Il tendit un doigt sur son aug', le tapota affectueusement.

- Moi, je suis obligé de tricher pour faire « comme si ». Un aug'. Un vulgaire augmentateur visuel pour voir plus loin que cette routine de merde. Ça me change les idées. Imagine si j'avais tes yeux...

- Vous êtes biens tous les mêmes, les réparateurs : tous barrés, et tous accrocs à la technologie.

- On se demande bien pourquoi... Cigarette ?

Il me tendit son paquet. J'avais horreur des menthols, mais j'acceptais.

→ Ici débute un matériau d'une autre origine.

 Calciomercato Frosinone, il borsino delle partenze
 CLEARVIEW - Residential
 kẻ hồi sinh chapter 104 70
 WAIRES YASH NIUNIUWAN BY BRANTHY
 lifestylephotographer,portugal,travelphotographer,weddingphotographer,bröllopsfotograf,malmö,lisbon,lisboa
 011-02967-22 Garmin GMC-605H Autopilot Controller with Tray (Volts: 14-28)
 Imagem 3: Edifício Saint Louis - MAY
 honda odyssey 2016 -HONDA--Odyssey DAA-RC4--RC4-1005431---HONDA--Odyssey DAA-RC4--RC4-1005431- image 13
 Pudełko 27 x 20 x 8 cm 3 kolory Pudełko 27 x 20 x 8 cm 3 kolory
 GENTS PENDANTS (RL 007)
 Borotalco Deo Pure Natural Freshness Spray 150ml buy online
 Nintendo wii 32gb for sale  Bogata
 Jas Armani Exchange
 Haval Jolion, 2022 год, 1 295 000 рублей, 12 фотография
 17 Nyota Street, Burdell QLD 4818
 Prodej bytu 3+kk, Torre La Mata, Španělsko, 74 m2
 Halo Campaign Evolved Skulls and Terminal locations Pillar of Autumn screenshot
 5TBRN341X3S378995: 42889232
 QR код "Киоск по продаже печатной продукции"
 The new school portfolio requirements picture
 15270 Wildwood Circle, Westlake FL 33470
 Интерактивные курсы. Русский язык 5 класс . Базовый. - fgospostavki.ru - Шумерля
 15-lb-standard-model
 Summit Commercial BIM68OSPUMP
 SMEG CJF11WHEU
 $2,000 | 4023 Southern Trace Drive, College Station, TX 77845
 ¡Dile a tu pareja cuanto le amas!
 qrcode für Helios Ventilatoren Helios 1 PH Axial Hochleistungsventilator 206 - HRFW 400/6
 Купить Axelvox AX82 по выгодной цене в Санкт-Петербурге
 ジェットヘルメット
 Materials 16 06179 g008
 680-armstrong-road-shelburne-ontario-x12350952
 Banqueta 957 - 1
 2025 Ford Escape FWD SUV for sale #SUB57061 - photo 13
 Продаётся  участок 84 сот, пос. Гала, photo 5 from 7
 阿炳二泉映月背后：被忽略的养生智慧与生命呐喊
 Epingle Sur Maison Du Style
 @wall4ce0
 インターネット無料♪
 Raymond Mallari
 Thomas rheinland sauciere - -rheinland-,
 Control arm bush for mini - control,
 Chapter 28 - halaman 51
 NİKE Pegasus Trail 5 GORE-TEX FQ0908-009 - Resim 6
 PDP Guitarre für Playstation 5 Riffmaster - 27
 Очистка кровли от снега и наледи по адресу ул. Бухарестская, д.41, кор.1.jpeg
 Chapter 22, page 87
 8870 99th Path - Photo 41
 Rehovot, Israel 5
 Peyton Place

Mon paquet avait pris l'eau.

- Merci.

- Pour ton check-up, j'espère que t'as rien de prévu dans l'après-midi.

Il avait les yeux collés à ses écrans. Des lignes de code et des scanners défilaient à grande vitesse.

- Pourquoi ?

- Il y a eu de la casse. Compte deux à trois heures pour tout remettre en état.

- Et merde...

- Allez, pleure pas... Je peux te mettre un joli film si tu veux. Comme chez le doc...

Je ne pus m'empêcher de sourire.

- T'es vraiment un gars bien Febus, tu le sais ?

- Attends de voir la facture, tu vas moins m'aimer...

Et nous partions à rire pour de bon, tous les deux, comme deux gosses.